Days 16-24 - Alter do Chao, River Tapajos, Amazon, Para state

We arrived in Alter do Chao today, a small town on the River Tapajos. It is often called the "Caribbean of the Amazon" and rightfully so. The town plaza lies directly facing the blue water and Ihla do Ahmor, a sandbar with white sand beaches, and small places to sit and drink, eat, swim, and soak up the sun shine.

Ihla do Ahmor

We were immediately approached by a nice man, Berto, who showed us to our hostel, Alberberque da Floresta. It turned out we would be seeing a lot of Berto, he was one of the many guides around town and he seemed to pop up anywhere we were ready and eager to take us on a tour of something. Upon arriving we hung our hammocks in a small covered outdoor area and set up our home for the next 9 days.


Cozy isn't it?

Although it may not seem like it, the hammock area is quite cozy and nice. The whole area is nestled in a patch of large trees. Everything is outside, including the kitchen, bathroom and laundry areas. It is situated only a short walk from Lago Verde, where we went swimming every day, the water there is clean, calm and the perfect temperature.

Lago Verde

The whole town was entering it's low tourist season and so there were very few people staying at the hostel, most of those staying were long termers, staying for months at a time. It seems that a lot of tourists end up falling in love and getting stuck here. It is understandable, Alter do Chao really has a way of drawing you in. Between the beauty of the landscape, and the sense of community, even if you are just in town a few days, Alter do Chao has a way of making you feel like you have been there forever.

Most of time spent here was spent relaxing, however we did go out for a couple of short outings. On day 22 Berto took us out to fish for Piranha. Unfortunately, we were not so lucky, but we had a good time none the less. After the fishing we headed out to Ponta do Cururu to see the sunset and spot dolphins.

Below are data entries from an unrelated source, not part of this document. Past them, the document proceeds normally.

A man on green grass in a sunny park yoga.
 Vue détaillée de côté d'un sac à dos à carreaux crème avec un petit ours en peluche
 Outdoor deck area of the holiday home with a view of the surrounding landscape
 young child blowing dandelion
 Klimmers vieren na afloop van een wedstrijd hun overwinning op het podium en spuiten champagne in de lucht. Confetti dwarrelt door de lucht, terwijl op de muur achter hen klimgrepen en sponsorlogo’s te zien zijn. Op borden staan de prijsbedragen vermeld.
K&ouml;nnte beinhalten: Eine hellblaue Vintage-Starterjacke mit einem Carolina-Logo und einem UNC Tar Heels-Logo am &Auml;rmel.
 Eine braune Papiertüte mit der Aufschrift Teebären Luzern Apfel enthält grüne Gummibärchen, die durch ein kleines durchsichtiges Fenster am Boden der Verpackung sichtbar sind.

For some reason the dolphins seem to congregate there, it was a beautiful scene.

Fishing for Piranha

Ponta do Cururu at sunset

On our last night in town, we went out with a group of friends at the hostel to listen to Carimbo, the typical music of the Para region. Helder, a now good friend, is one of the musicians in town that plays this style of music. It was such a great night, a small troupe of street circus performers put on an amazing show, and we ended up dancing the night away with locals and tourists alike. One man we met is involved in a group called Saude e Algeria (Health & Happiness) Foundation. They are attempting to aid in integrating local native cultures into the global community by introducing them to new technology such as the Internet, while still fighting to protect their distinct culture. The belief is that by doing this, the people will be able to find a voice and better protect the forest and their own heritage. Quite an interesting approach I think, progressive and realistic. These communities must be able to enter into the global community and communicate in a modern way in order to survive and retain their land and way of life. Check out their website at http://www.saudeealegria.org.br/portal/index.php (use Google translator).

By far the best part of Alter do Chao was the people we met. Helder, Joao, Susanna, Alex... the list goes on, great people and a great place.